Top of EXERCISE INPUT

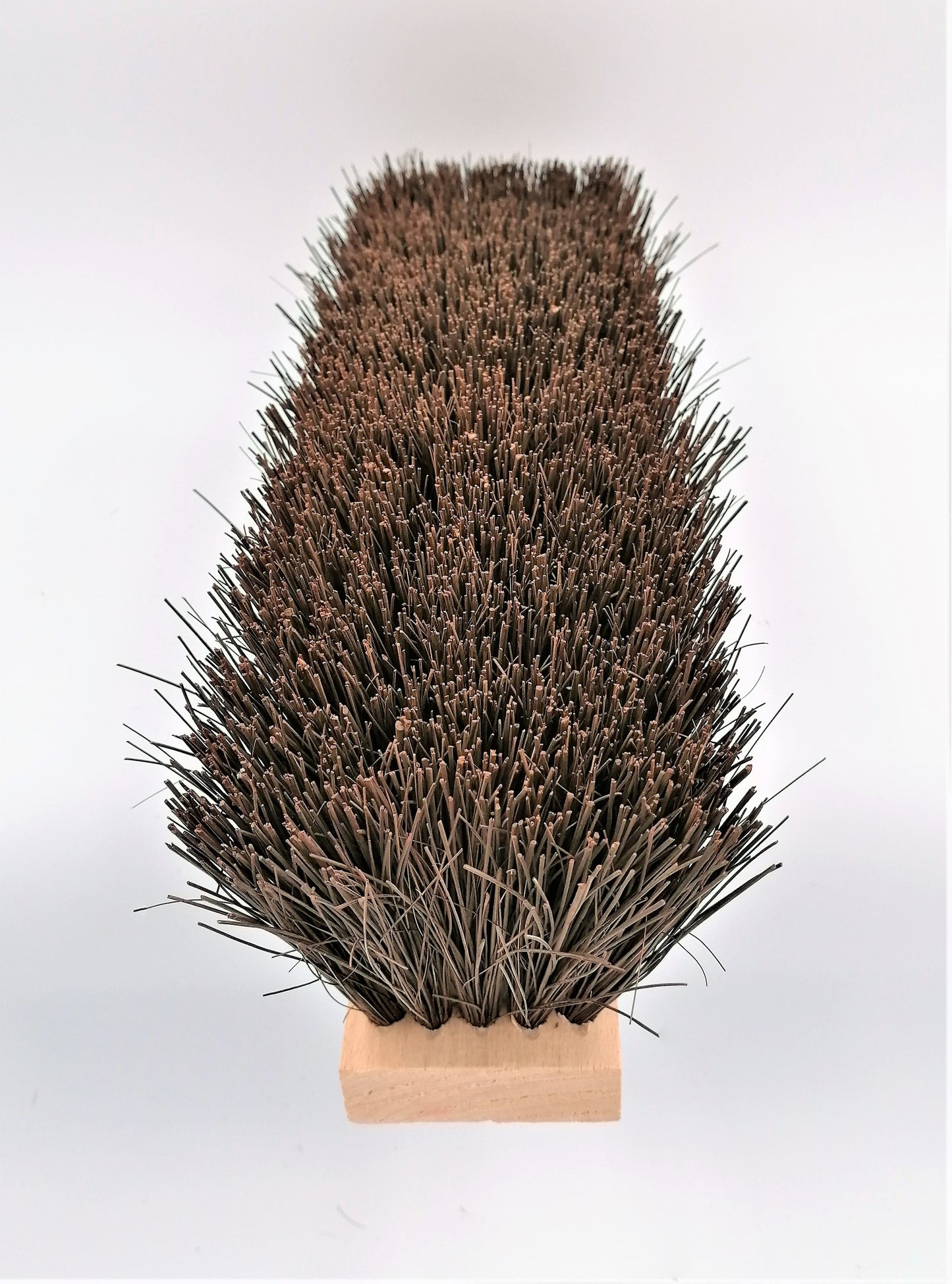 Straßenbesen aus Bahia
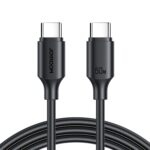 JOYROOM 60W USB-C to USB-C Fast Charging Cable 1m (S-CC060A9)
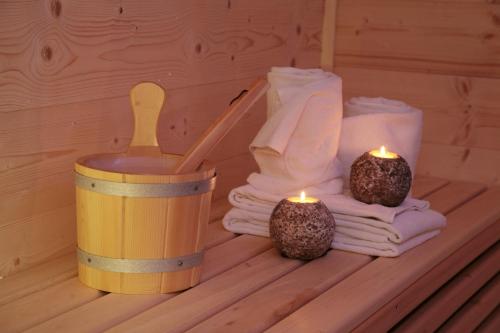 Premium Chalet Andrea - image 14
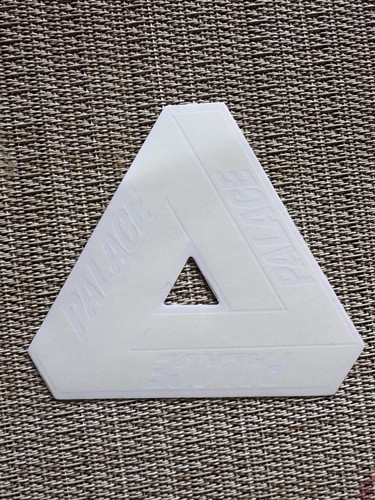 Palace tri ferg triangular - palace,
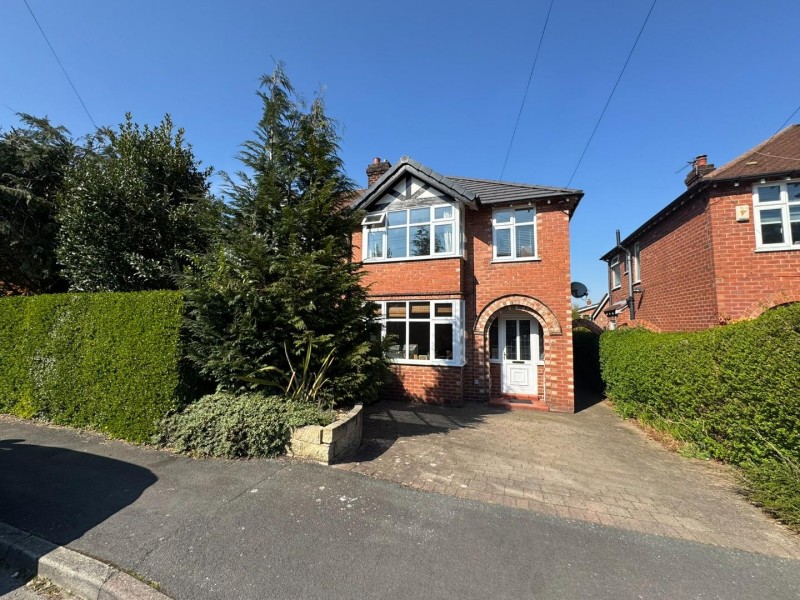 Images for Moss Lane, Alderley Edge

Bottom of EXERCISE INPUT

— WHAT YOU NEED TO DO —
Without the pictures, return the whole of the data exactly as given.

— RESULT OF THIS TASK —
 Straßenbesen aus Bahia
 JOYROOM 60W USB-C to USB-C Fast Charging Cable 1m (S-CC060A9)
 Premium Chalet Andrea - image 14
 Palace tri ferg triangular - palace,
 Images for Moss Lane, Alderley Edge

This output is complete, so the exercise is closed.